# Thread: optimization for a box

1. ## optimization for a box

Find the dimensions of a rectangular box of maximum volume if the total surface area is given as 64cm^2.

Find the dimensions of a rectangular box of maximum volume if the total surface area is given as 64cm^2.
Let the base be m and height be n. I am assuming the problem indicates square base is used.

$V = mmn = m^2n$

Assuming the box has an open top, the surface area is

$m^2 + 4mn = 64$

Solve for n from the surface area, then plug the expressions into the volume formula.

$n = \frac{64-m^2}{4m}$

$V = m^2 \frac{64-m^2}{4m} = \frac{64m-m^3}{4}$

Find the first derivative of volume:
$V' = 8 - 0.75 m^2 = 0
$

Then solve for m.

The story changes if this is a closed top box.

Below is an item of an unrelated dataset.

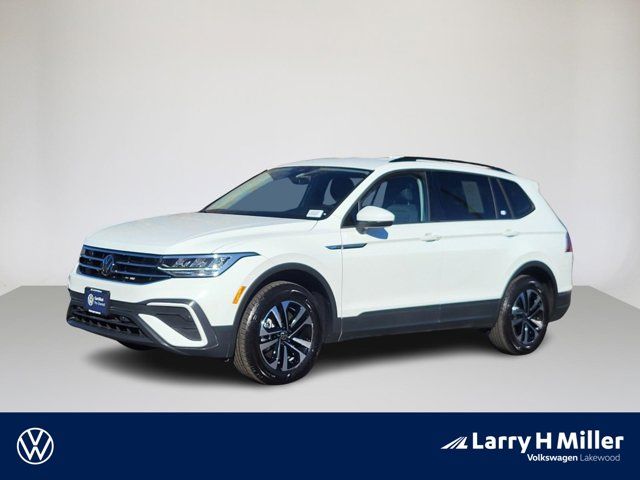 2024 Volkswagen Tiguan S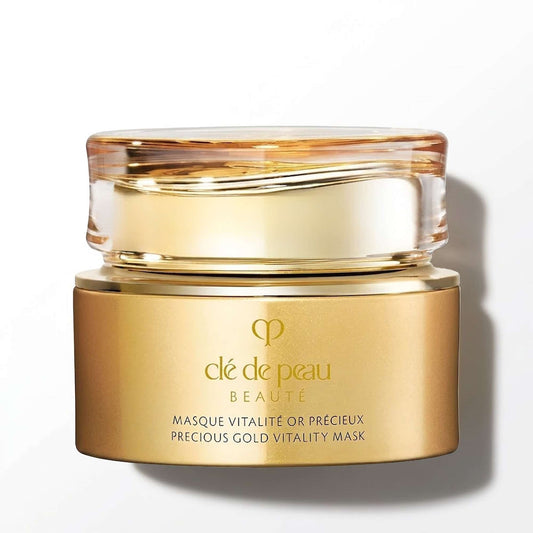 Cle de Peau Skincare Precious Gold Vitality Mask 75ml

Find the dimensions of a rectangular box of maximum volume if the total surface area is given as 64cm^2.
So the volume of a box is

$V=lwh$

Subject to the surface area

$S=2lw+2lh +2wh=64$

$F(l,w,h,\lambda) =lhw-\lambda(2lw+2lh+2wh-64)$

$\nabla F=0$

$hw-\lambda(2w+2h)=0$

$lh-\lambda(2l+2h)=0$

$lw-\lambda(2l+2w)=0$

$0=(2lw+2lh+2wh-64)$

Now multiply the first equation by l and the 2nd by -w and add them together

$lwh-\lambda(2lw+2lw)=0$
$-lwh+\lambda(2lw+2wh)=0$
$-2lw+2wh=0 \iff 2w(-l+h)=0 \iff l=h$

Doing something similar you can show that $w=l=h$

Plugging into the last equation we get.

$2l^2+2l^2+2l^2-64=0 \iff 6l^2=64 \iff l^2 =\frac{32}{3} \iff l=4 \sqrt{\frac{2}{3}}$

So the maximal volume will be a cube.

I hope this helps

4. Nice going, TheEmptySet... I was way off here. A calculus subforum for single-variable people like me? Just kidding.